All of lore.kernel.org
 help / color / mirror / Atom feed
From: "Huan He" <hehuan1@eswincomputing.com>
To: sashiko@lists.linux.dev, linux@roeck-us.net
Cc: robh@kernel.org, krzk+dt@kernel.org, conor+dt@kernel.org,
	p.zabel@pengutronix.de, linux-hwmon@vger.kernel.org,
	devicetree@vger.kernel.org, linux-kernel@vger.kernel.org,
	ningyu@eswincomputing.com, linmin@eswincomputing.com,
	pinkesh.vaghela@einfochips.com, luyulin@eswincomputing.com
Subject: Re: Re: Re: [PATCH v4 2/2] hwmon: Add Eswin EIC7700 PVT sensor driver
Date: Tue, 12 May 2026 17:51:08 +0800 (GMT+08:00)	[thread overview]
Message-ID: <1526048b.617a.19e1b98ef15.Coremail.hehuan1@eswincomputing.com> (raw)
In-Reply-To: <7728dc4b.6178.19e1b936a72.Coremail.hehuan1@eswincomputing.com>

Hi Sashiko, Guenter,

Thank you very much for your detailed review. We appreciate the feedback.

> 
> Thank you for your contribution! Sashiko AI review found 7 potential issue(s) to consider:
> - [High] Hardware access with disabled clock when CONFIG_PM=n
> - [High] Resource leak and hardware powered on during driver unbind
> - [High] System suspend state desynchronization causes potential crashes
> - [High] Unclocked hardware access in the interrupt handler
> - [Medium] Missing synchronization on timeout path causes race condition and stale data
> - [Medium] Unvalidated sysfs input and hwmon ABI violation for temp_offset
> - [Low] Mismatch between commit message and implemented voltage channels
> --
> 
> commit 226d2b003d7fbabad9b8abaf9c71cf6fdf386a91
> Author: Huan He <hehuan1@eswincomputing.com>
> 
> hwmon: Add Eswin EIC7700 PVT sensor driver
>     
> Add support for ESWIN EIC7700 Voltage and Temperature sensor. The driver
> supports temperature and voltage monitoring with polynomial conversion,
> and provides sysfs interface for sensor data access.
>     
> The PVT IP contains one temperature sensor and four voltage sensors for
> process variation monitoring.
> 
> > The PVT IP contains one temperature sensor and four voltage sensors for
> > process variation monitoring.
> 
> This isn't a bug, but the commit message states there are four voltage
> sensors, while the driver implementation only exposes a single voltage channel.
> Could the commit message be updated to match the implementation?
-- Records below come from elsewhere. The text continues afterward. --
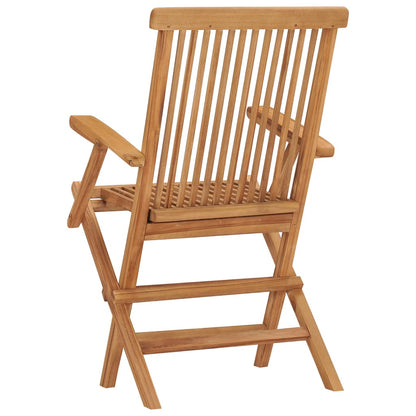 Folding garden chairs 2 pcs. Solid teak wood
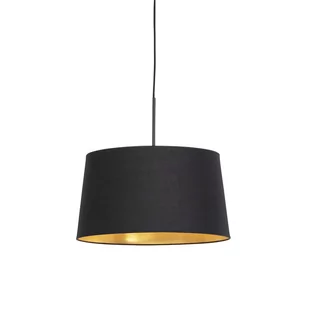 QAZQA Lampa wisząca klosz bawełniany czarno-złoty 40cm - Combi - Lampy sufitowe - miniaturka - grafika 1
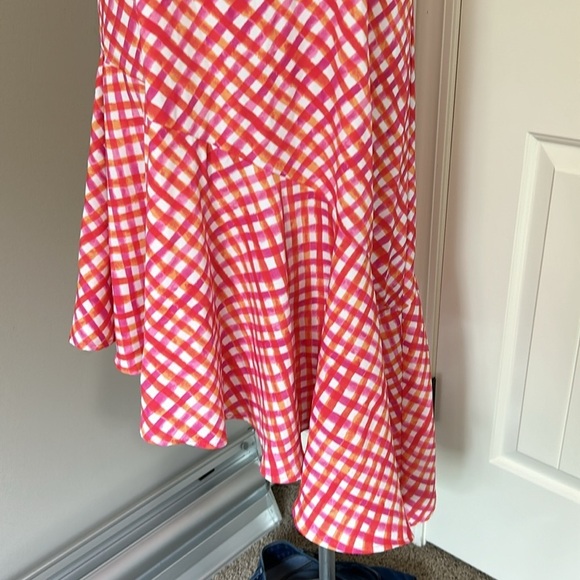 TOMMY BAHAMA Harbour Island Gingham Asymmetrical Sleeveless Beach Dress Pink Red - Picture 5 of 12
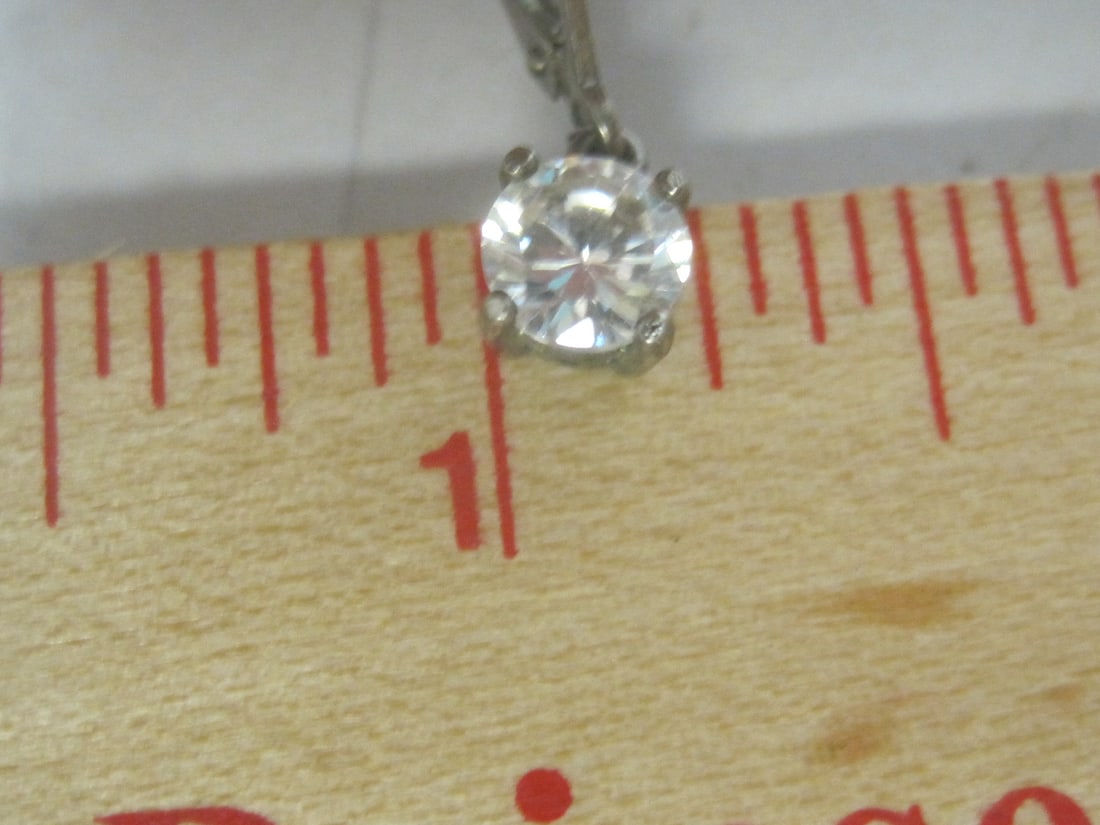 Sterling Silver CZ Leverback Earrings - 3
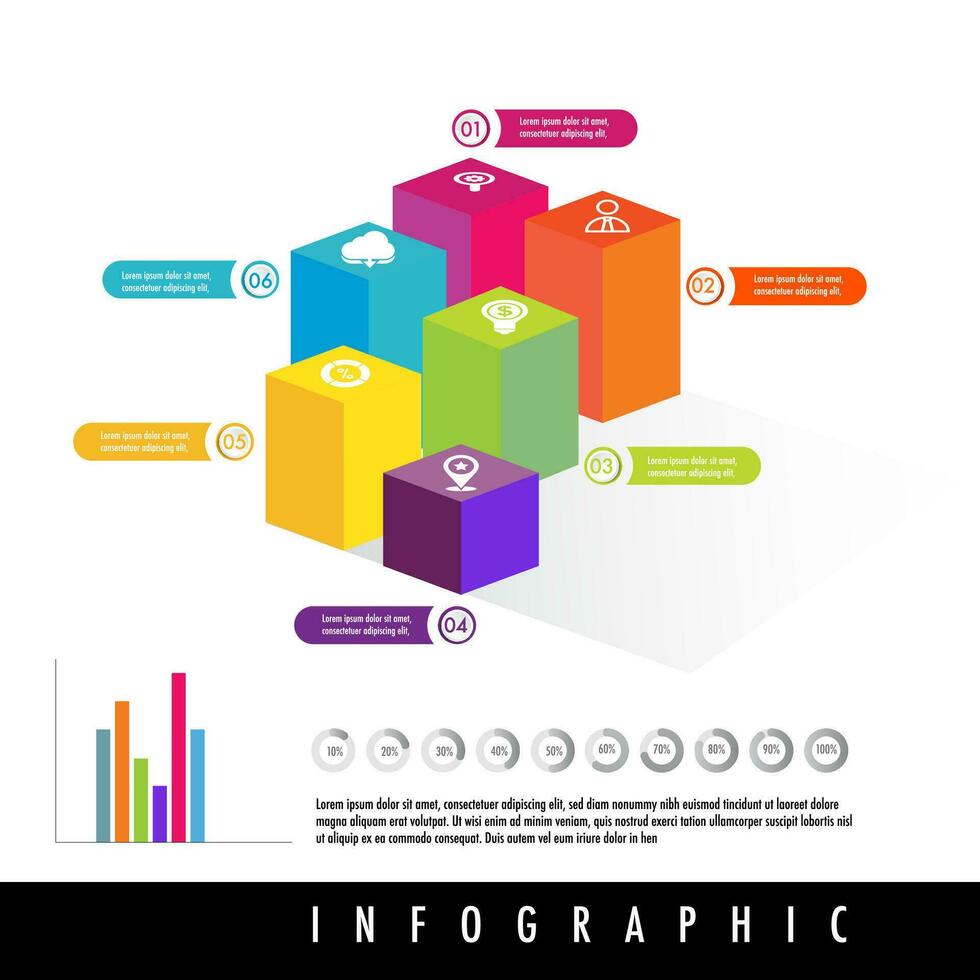 infographic template 6 box graph for business direction, marketing strategy, vector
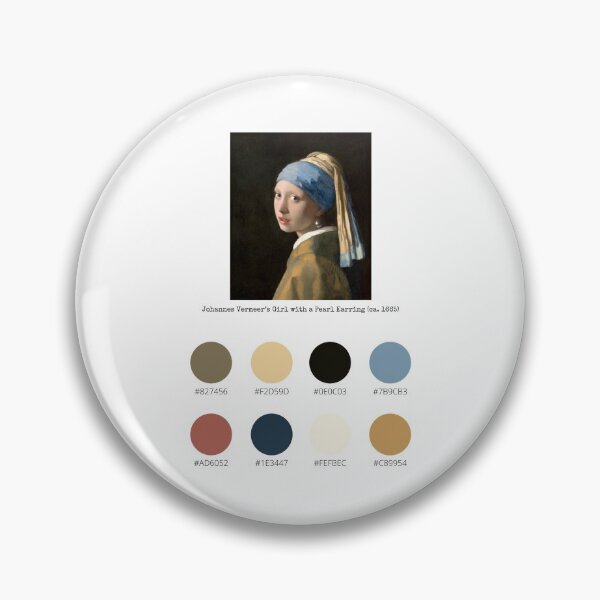 Item preview, Colour Palette of Johannes Vermeer’s Girl with a Pearl Earring (ca. 1665) designed and sold by CoffeewithAnh.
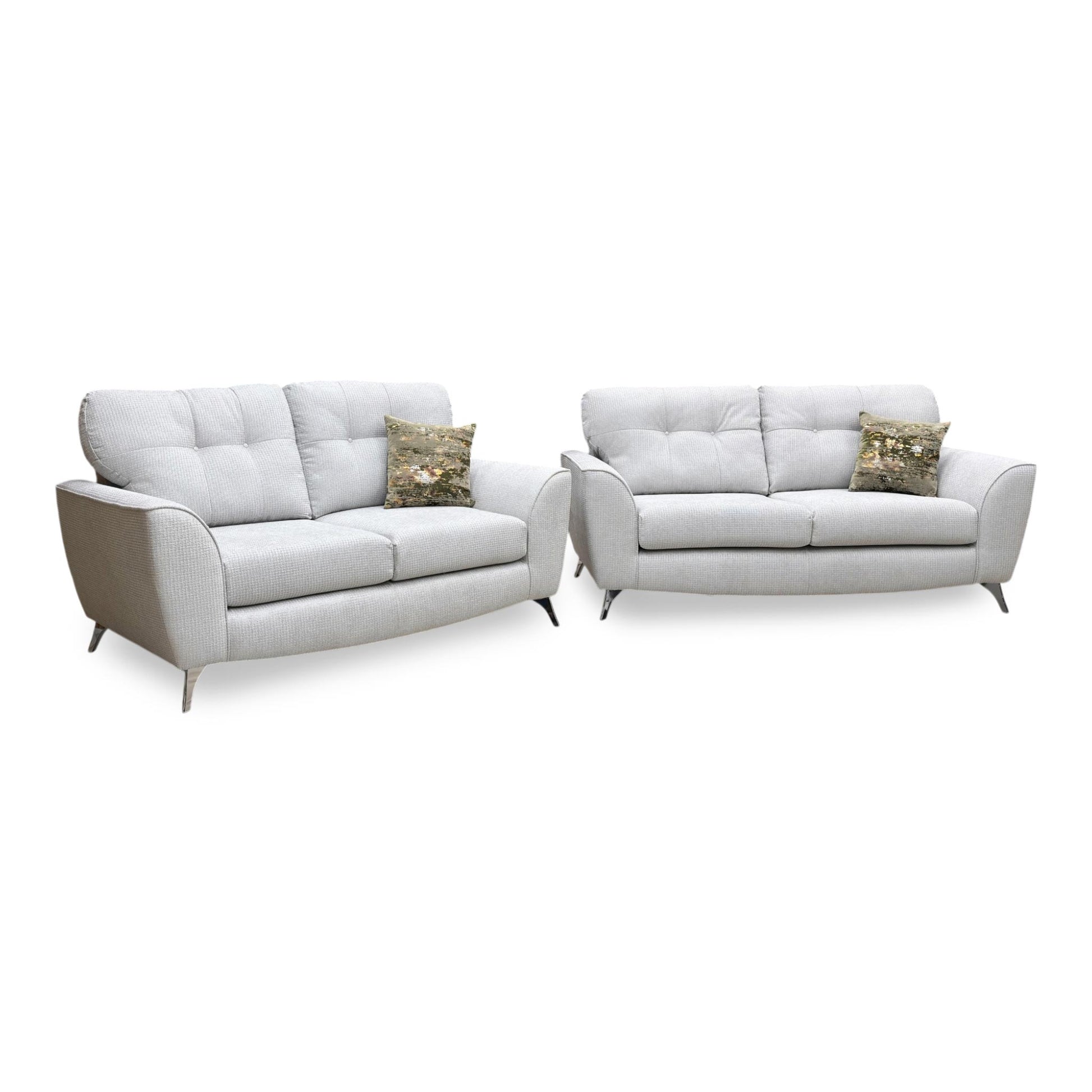 Full View DFS ‘Dawson’ 2-piece lounge suite, featuring a matching 3-seater and 2-seater sofa set upholstered in a durable silver plain woven fabric.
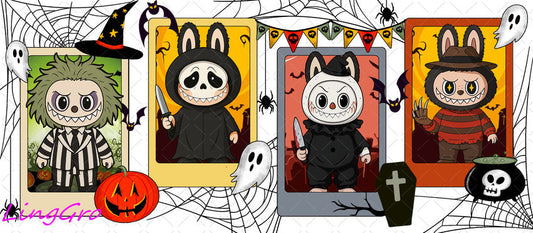 Helloween 16oz UV DTF TRANSFER Libbey Glass Can Cup Wrap KA-1313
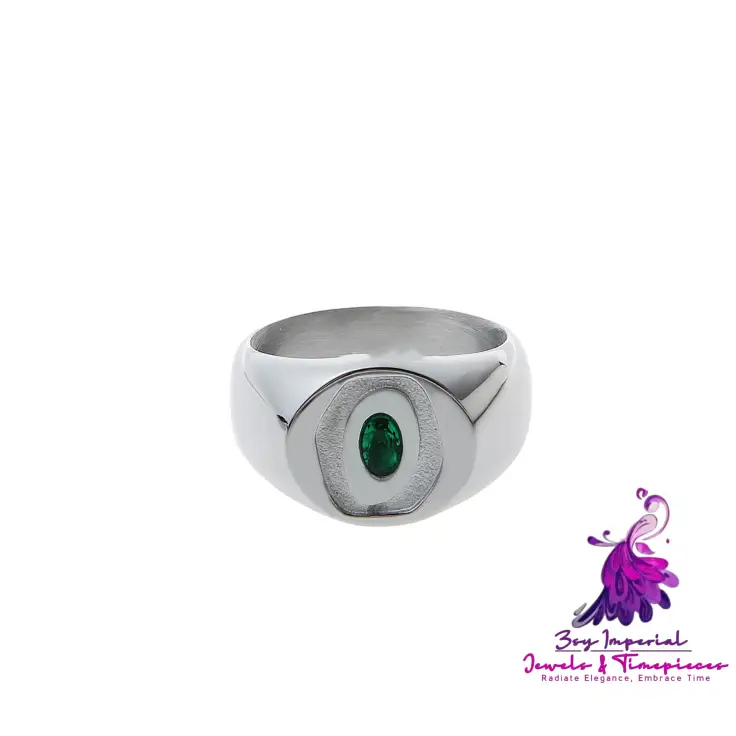 Green Zircon Alien Ring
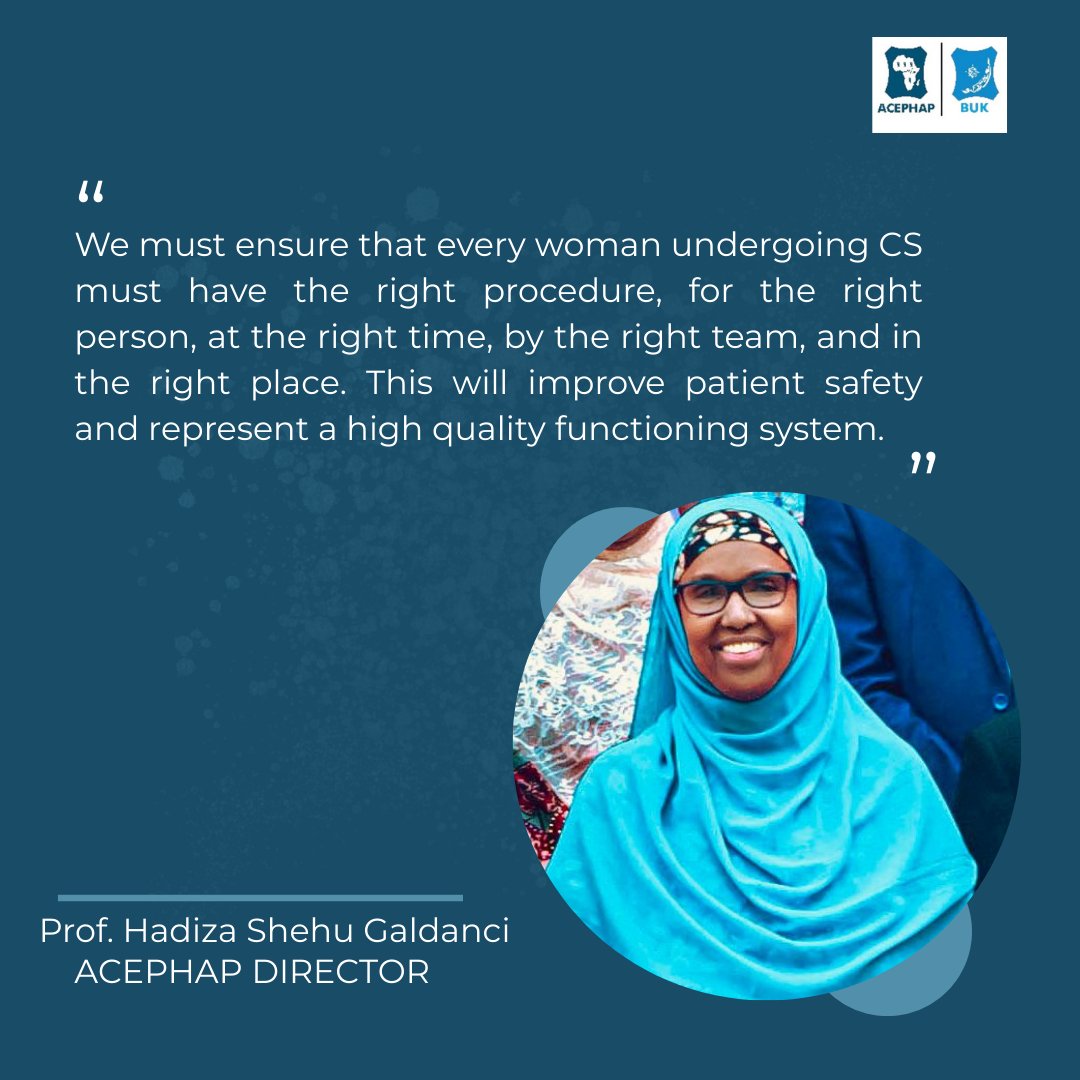 acephap_buk's tweet image. Safe delivery starts with doing things the right way!

Prof. Hadiza Galadanci, the Director of ACEPHAP, reminds us that every woman deserves the right procedure, at the right time, with the right team and most importantly patient safety matters!

#surgery #maternalhealth #ACEPHAP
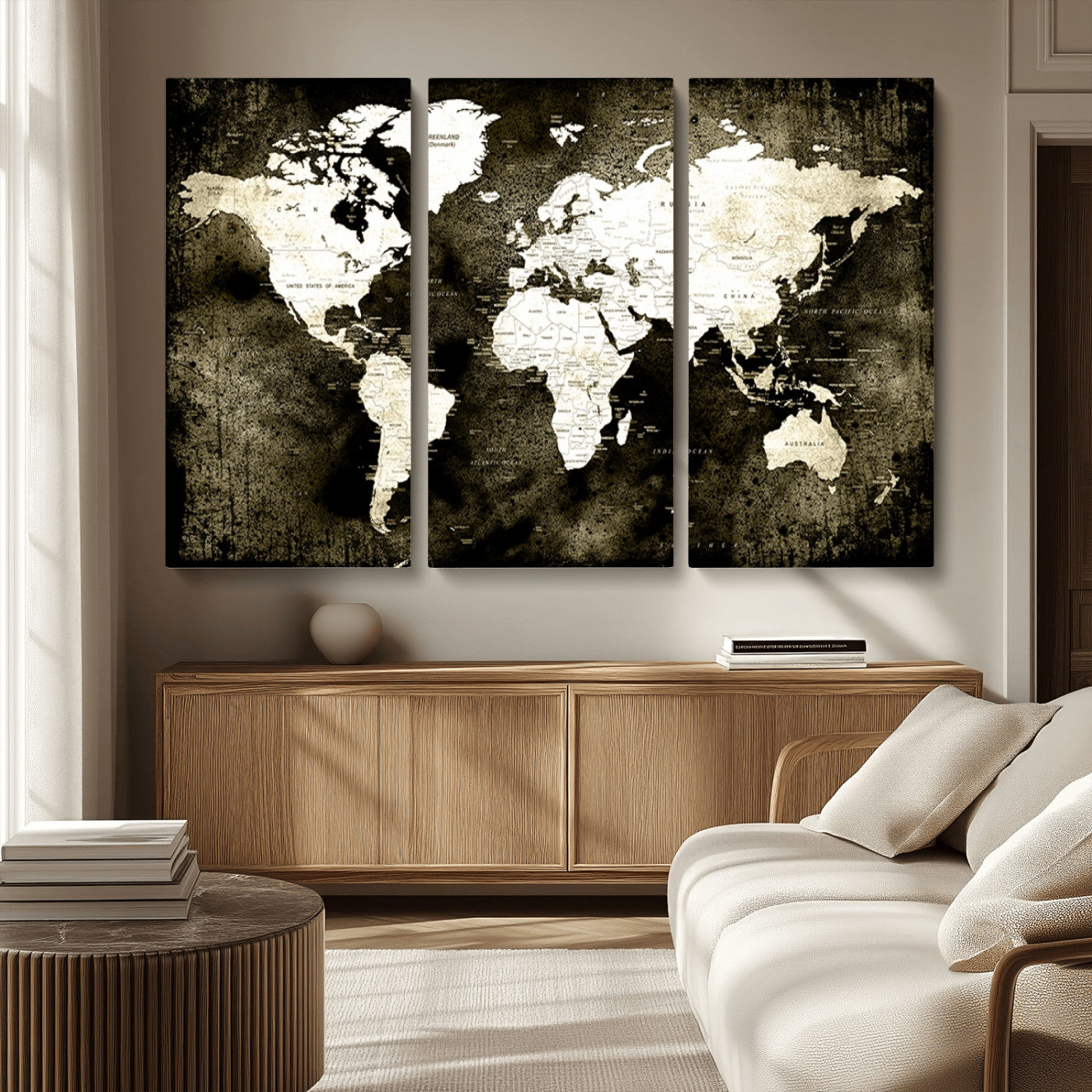 66737-MGV-CV-36X24-Vintage World Map Canvas Wall Art – Framed Push Pin Travel Map for Home and Office Decor, Rustic Wall Artwork for Travelers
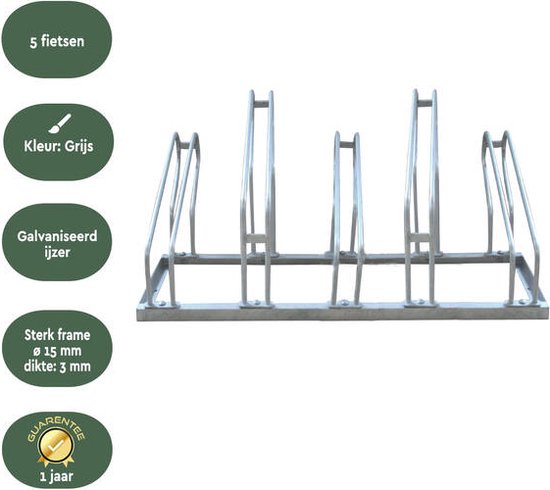 BRASQ Porte-vélos pour 5 vélos - Support pour vélos - Support pour vélos - Support pour vélos pour le sol Comprend le matériel de fixation - Argent
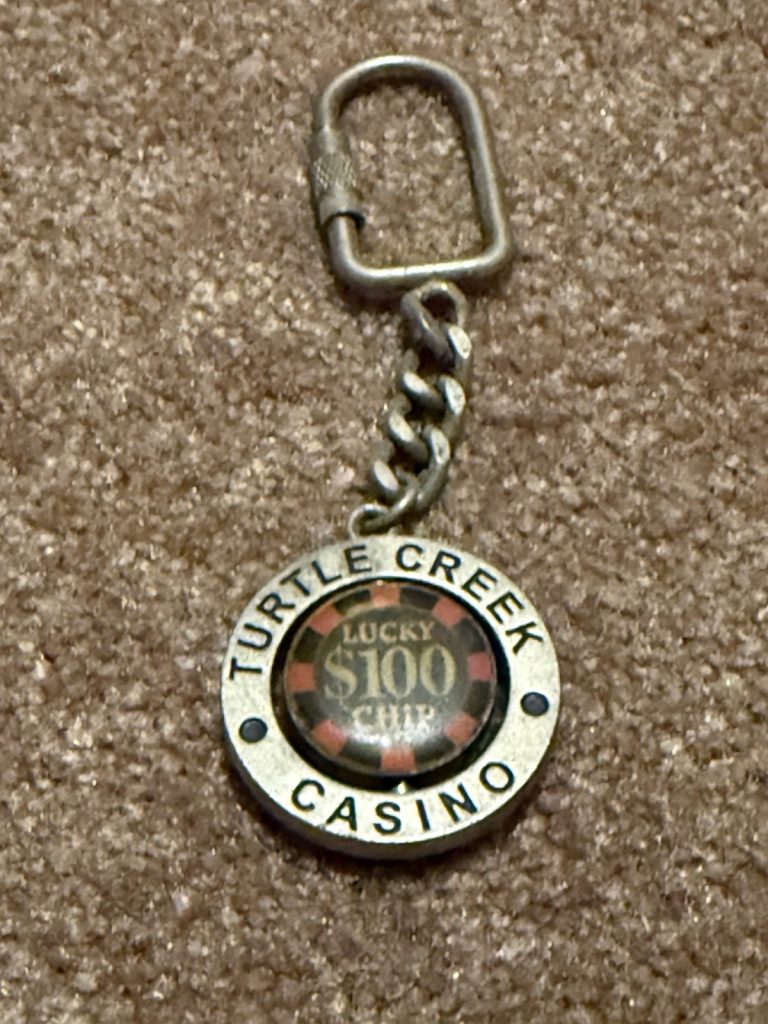 Vintage Turtle Creek Casino $100 Chip Keychain Lucky Poker Gambling Token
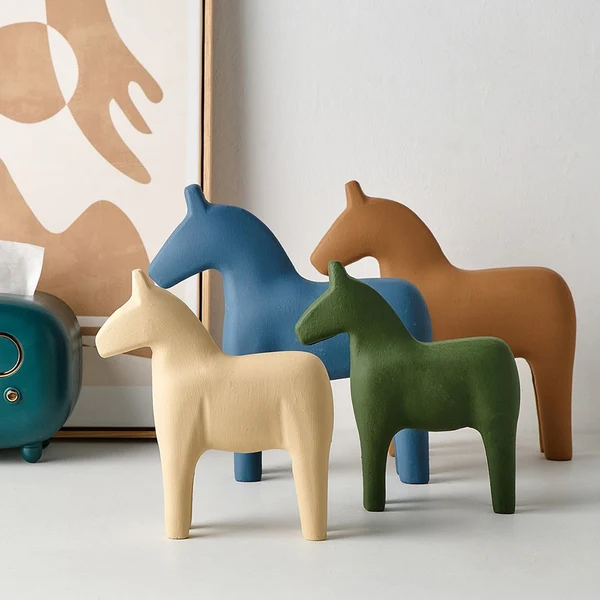 Functional Colourful Wooden Horse Statue Home Decor Secure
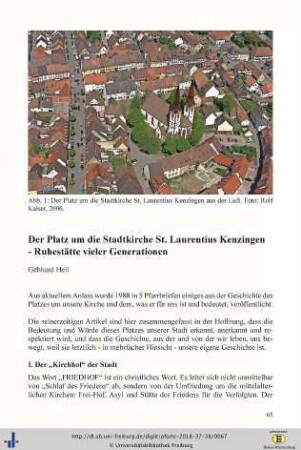 Der Platz um die Stadtkirche St. Laurentius Kenzingen - Ruhestätte vieler Generationen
I will update the commit message accordingly.

The current driver only exposes one temperature channel and one voltage
channel, so the commit text will be changed to match the implementation.

> 
> > diff --git a/drivers/hwmon/eic7700-pvt.c b/drivers/hwmon/eic7700-pvt.c
> > new file mode 100644
> > index 0000000000000..d9d6a035defeb
> > --- /dev/null
> > +++ b/drivers/hwmon/eic7700-pvt.c
> [ ... ]
> > +static irqreturn_t eic7700_pvt_hard_isr(int irq, void *data)
> > +{
> > +	struct pvt_hwmon *pvt = data;
> > +	u32 val;
> > +
> > +	eic7700_pvt_update(pvt->regs + PVT_INT, PVT_INT_CLR, PVT_INT_CLR);
> > +	/*
> > +	 * Read the data, update the cache and notify a waiter of this event.
> > +	 */
> > +	val = readl(pvt->regs + PVT_DATA);
> 
> Could this cause a bus fault if a spurious or delayed interrupt fires while
> the device is in the RPM_SUSPENDED state?
> 
> When the device is suspended, the hardware clock is gated. Accessing registers
> without checking the PM runtime state could lead to a crash. Should this use
> pm_runtime_get_if_active() to protect against accessing unclocked hardware?

Yes, this is a valid concern.

If a delayed or spurious interrupt fires while the device is
runtime-suspended, the handler may otherwise touch registers after the
clock has been gated.

I will update the ISR to guard register accesses with
pm_runtime_get_if_active() and only access the hardware when the device is
runtime active. The temporary PM reference will be dropped with
pm_runtime_put_noidle() on the handled path.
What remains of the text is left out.